[[ DATA EXCERPTS open ]]

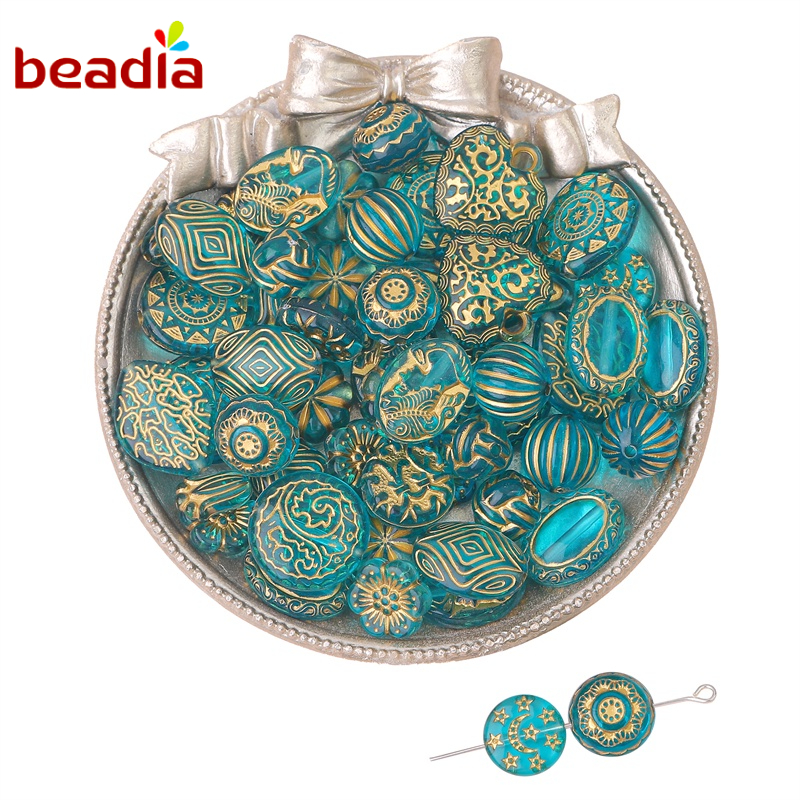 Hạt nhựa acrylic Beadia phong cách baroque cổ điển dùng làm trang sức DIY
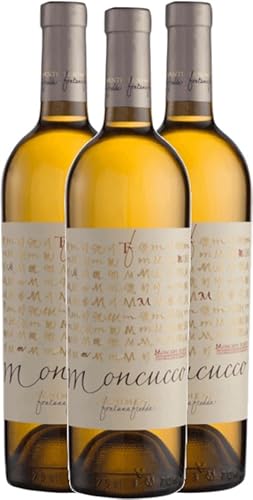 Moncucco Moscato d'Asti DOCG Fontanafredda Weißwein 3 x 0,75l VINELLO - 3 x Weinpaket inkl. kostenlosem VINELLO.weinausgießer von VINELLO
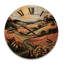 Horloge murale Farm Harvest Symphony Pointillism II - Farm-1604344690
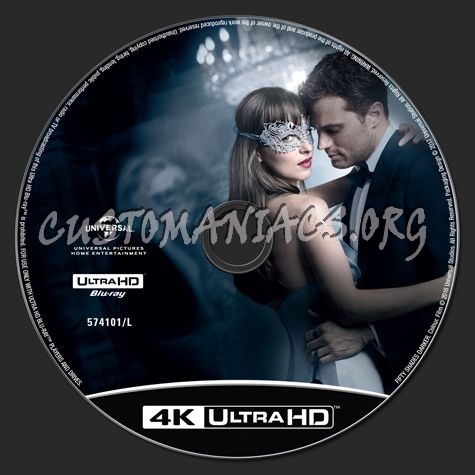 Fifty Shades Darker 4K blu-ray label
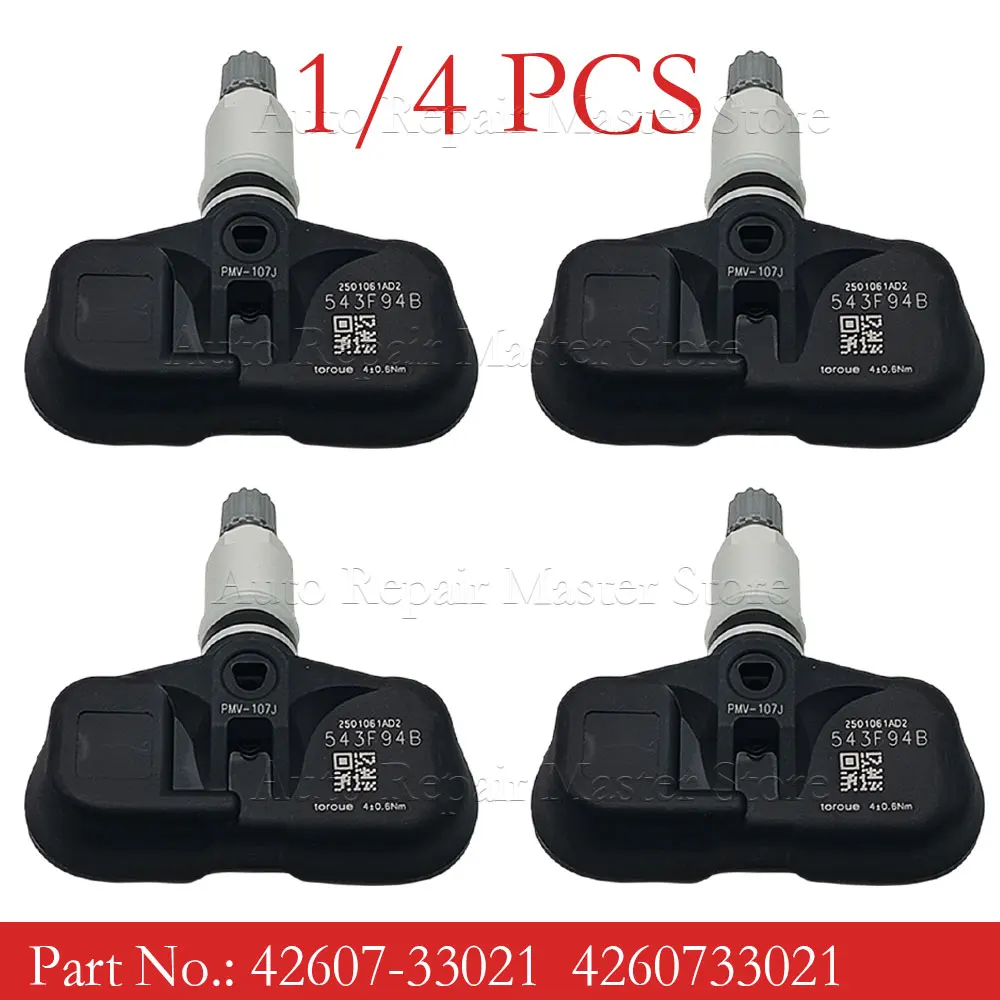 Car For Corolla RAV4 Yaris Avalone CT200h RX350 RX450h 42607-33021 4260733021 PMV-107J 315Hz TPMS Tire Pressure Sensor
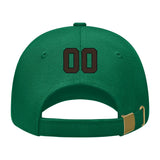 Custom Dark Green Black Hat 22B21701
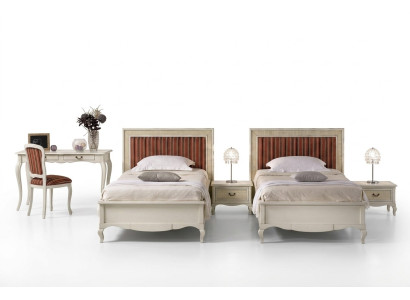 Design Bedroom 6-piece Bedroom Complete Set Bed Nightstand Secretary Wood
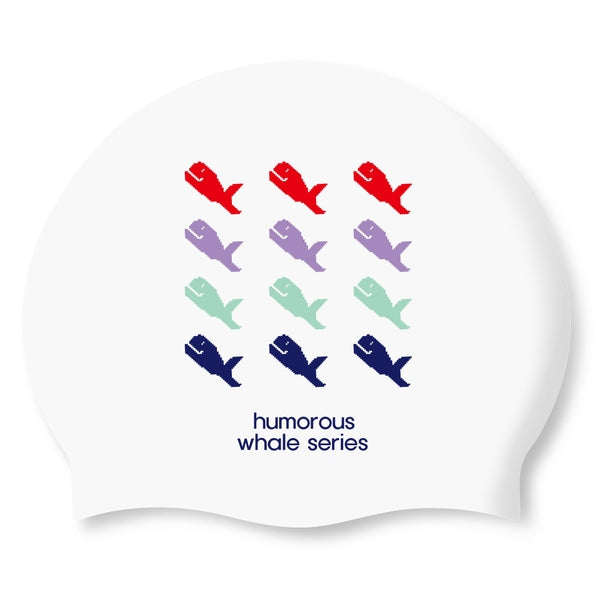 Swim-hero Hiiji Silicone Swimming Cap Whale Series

[[ DATA EXCERPTS closed ]]

(AIM OF THE TASK):
With the line containing "Design Bedroom 6-piece" as the first line and the last line of the listing as the final one, reproduce that span exactly, without pictures.

(EXERCISE RESPONSE):
 Design Bedroom 6-piece Bedroom Complete Set Bed Nightstand Secretary Wood
 Swim-hero Hiiji Silicone Swimming Cap Whale Series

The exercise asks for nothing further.